__Exercise goal__: A word-for-word copy of the records is needed, with every picture left out.
Top of Dataset records
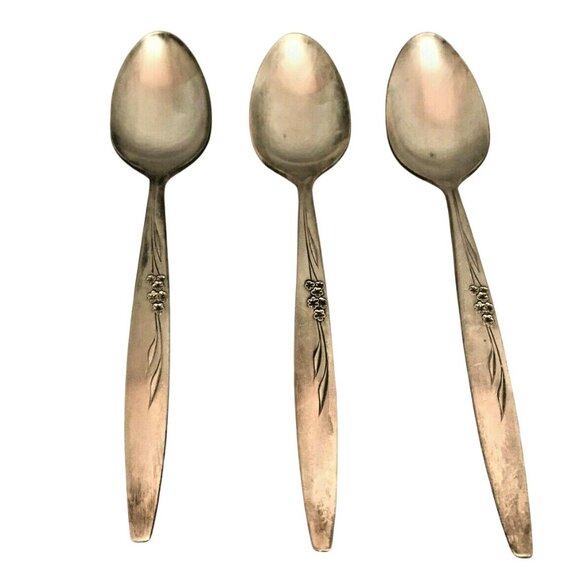 Oneida Other - Oneida Community Enchantment / Gentle Rose - 3 Teaspoons - 6"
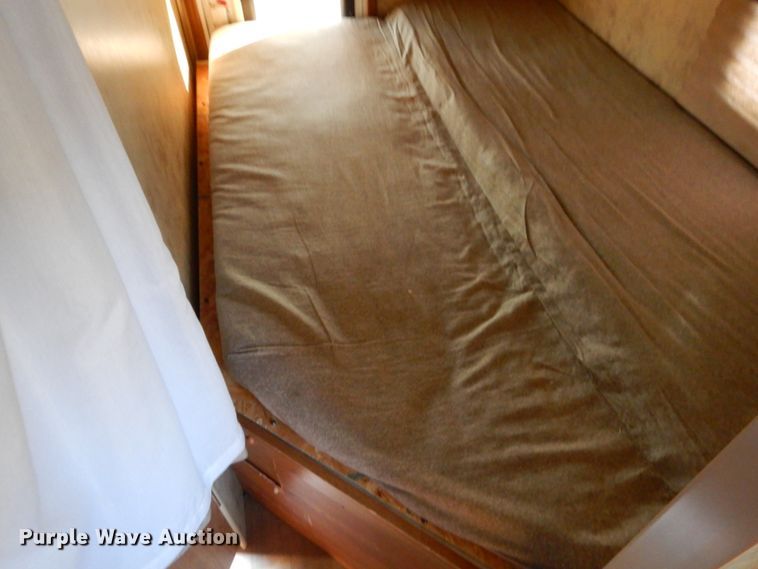 image for item EC9060 2008 Coachmen Captiva camper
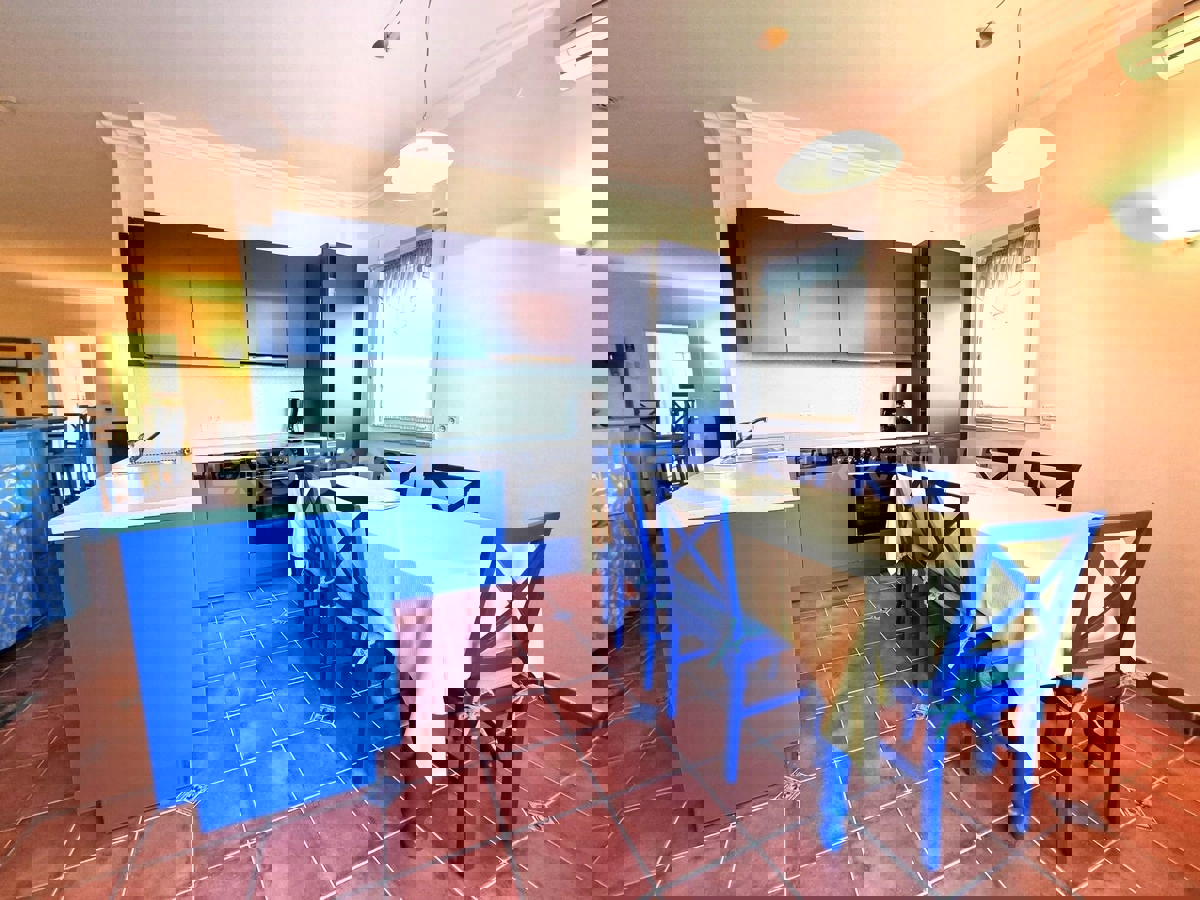 POSIZIONE ESCLUSIVA! Crveni Vrh - appartamento con spaziosa terrazza, a 130 metri dal mare!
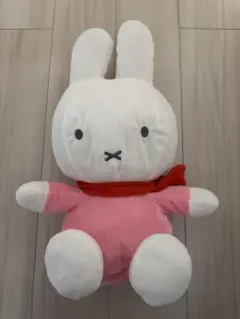 【ミッフィー】 ぬいぐるみ 背中にブランケット付き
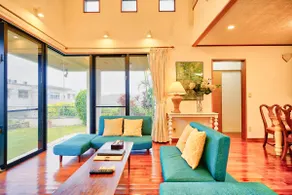 The feeling of openness in the living room with an atrium ceiling is the best!House, 5-minute drive from highway IC, BBQ set complete - Image 4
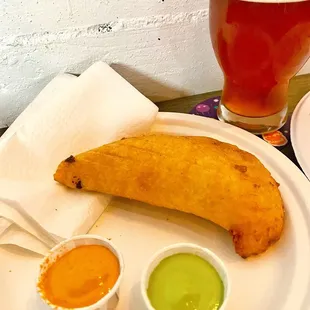 Cali Caracas: Cheese Empanada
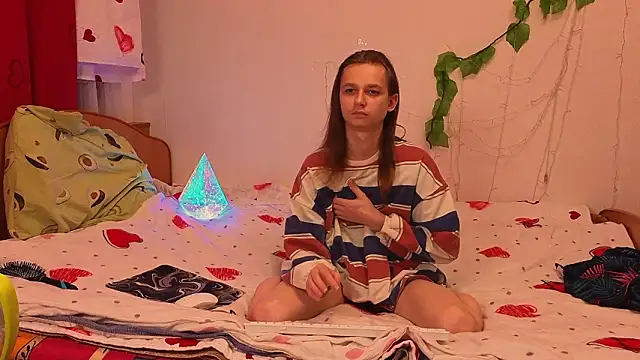 Snapshot of Frank_Fraer chatting on March 6, 7:43 pm Frank Fraer online show from March 6, 7:43 pm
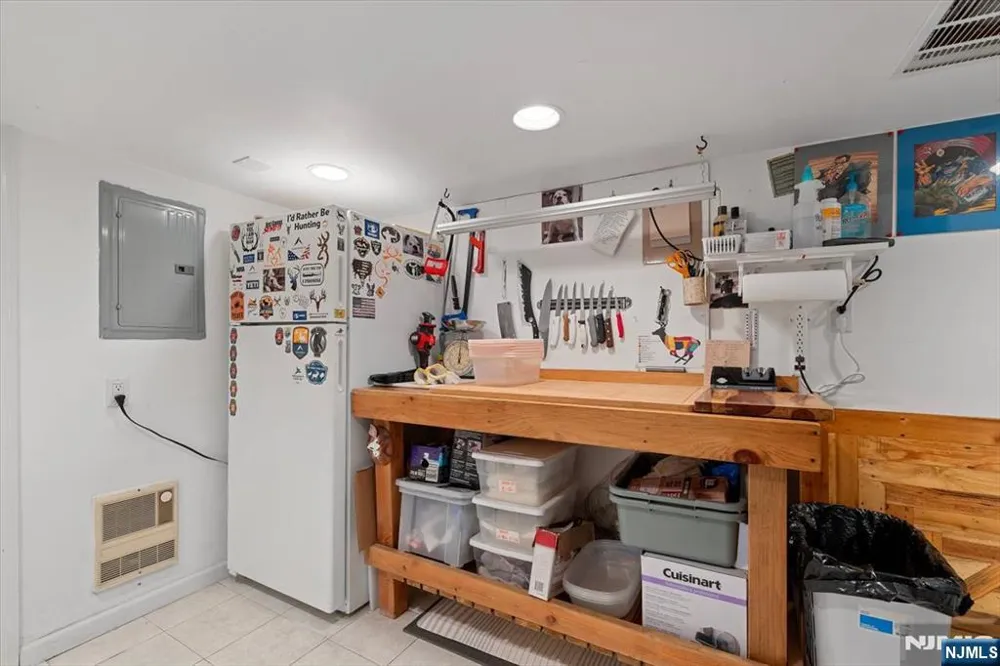371 2nd Avenue Lyndhurst, NJ 07071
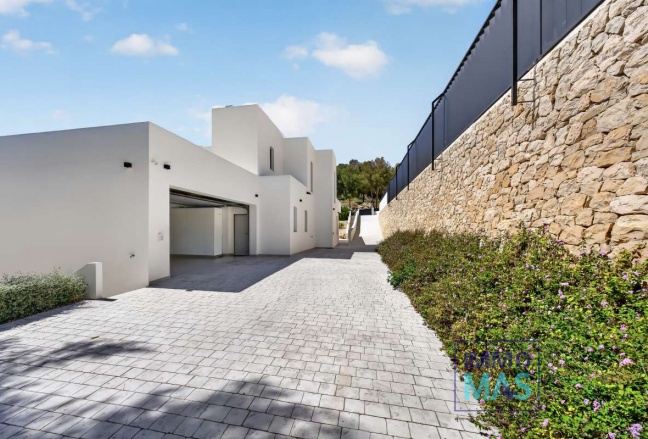 Resale - Villa - Benissa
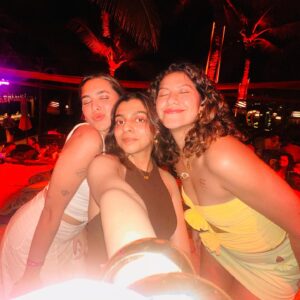 Aaliyah Kashyap Instagram - 🫶🏼✨🌴
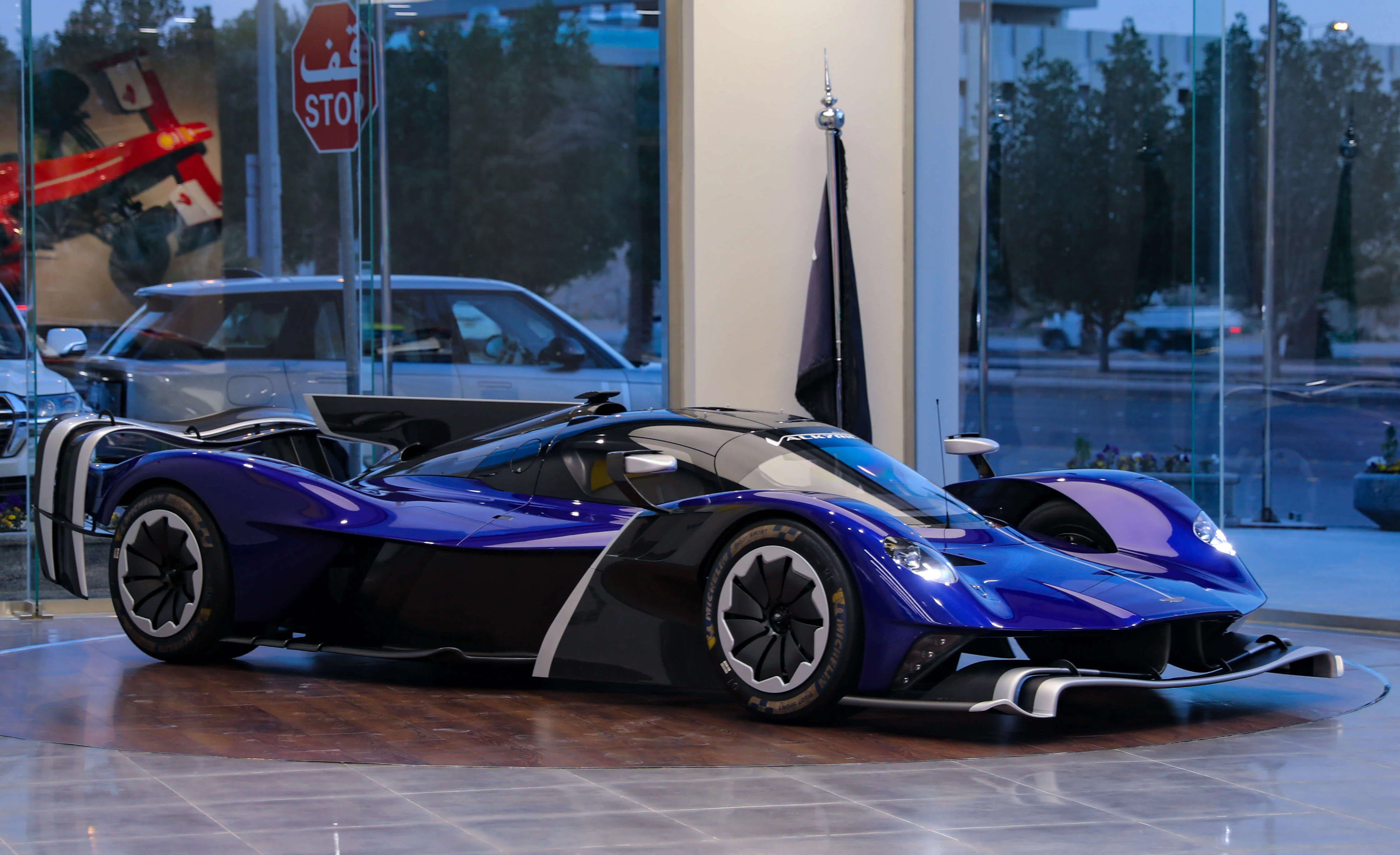 2022 Aston Martin Valkyrie AMR Pro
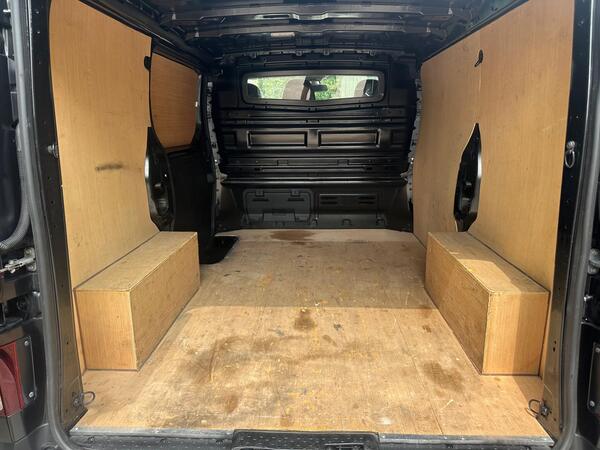 Renault Trafic 2.0 dCi ENERGY 28 Sport SWB Standard Roof Euro 6 (s/s) 5dr at 33th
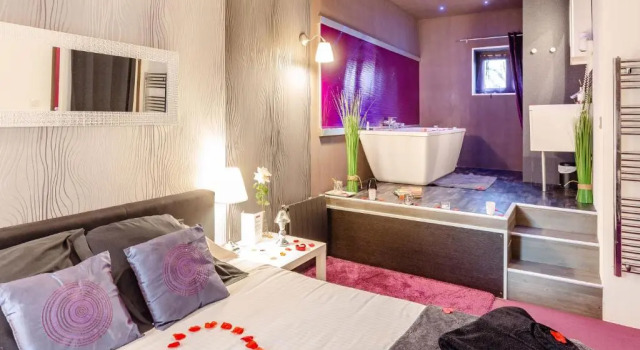Lili Paradis, Réserver Hôtel Saint-Savin Auvergne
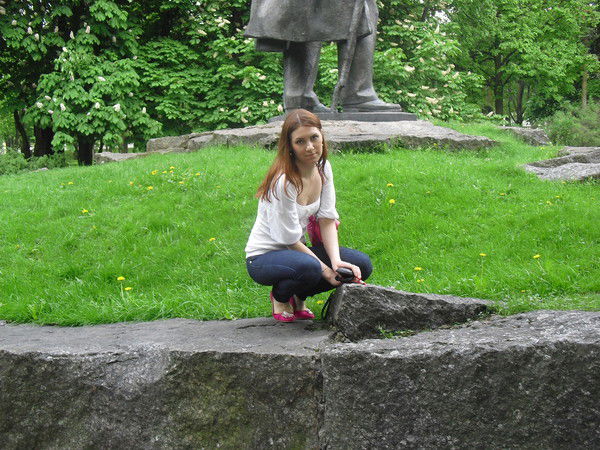 Виктория Халаём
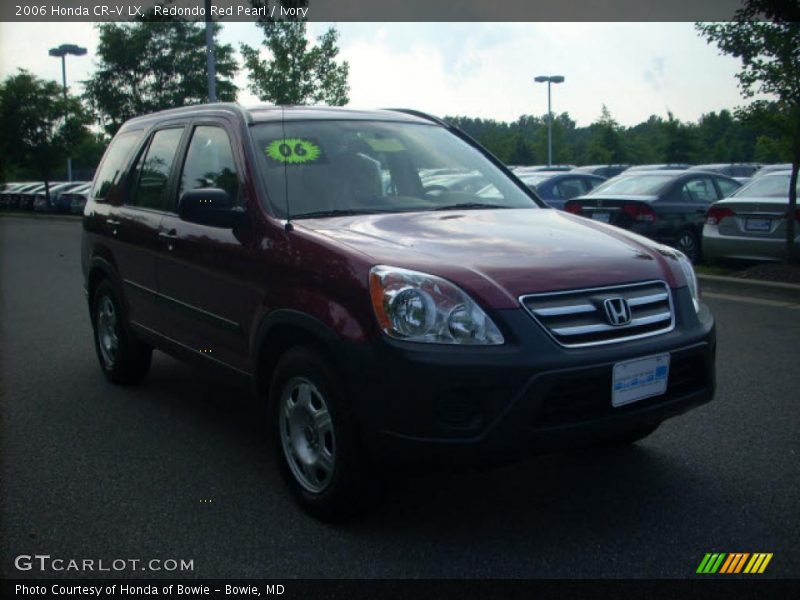 Redondo Red Pearl / Ivory 2006 Honda CR-V LX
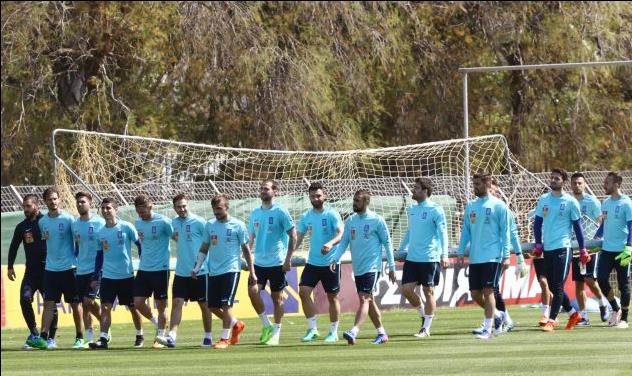 Περισσότεροι από 2.500 Έλληνες στο πλευρό της Eθνικής μας στο Βέλγιο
Bottom of Dataset records
__Written solution__:
 Oneida Other - Oneida Community Enchantment / Gentle Rose - 3 Teaspoons - 6"
 image for item EC9060 2008 Coachmen Captiva camper
 POSIZIONE ESCLUSIVA! Crveni Vrh - appartamento con spaziosa terrazza, a 130 metri dal mare!
 【ミッフィー】 ぬいぐるみ 背中にブランケット付き
 The feeling of openness in the living room with an atrium ceiling is the best!House, 5-minute drive from highway IC, BBQ set complete - Image 4
 Cali Caracas: Cheese Empanada
 Snapshot of Frank_Fraer chatting on March 6, 7:43 pm Frank Fraer online show from March 6, 7:43 pm
371 2nd Avenue Lyndhurst, NJ 07071
 Resale - Villa - Benissa
 Aaliyah Kashyap Instagram - 🫶🏼✨🌴
 2022 Aston Martin Valkyrie AMR Pro
 Renault Trafic 2.0 dCi ENERGY 28 Sport SWB Standard Roof Euro 6 (s/s) 5dr at 33th
Lili Paradis, Réserver Hôtel Saint-Savin Auvergne
 Виктория Халаём
 Redondo Red Pearl / Ivory 2006 Honda CR-V LX
 Περισσότεροι από 2.500 Έλληνες στο πλευρό της Eθνικής μας στο Βέλγιο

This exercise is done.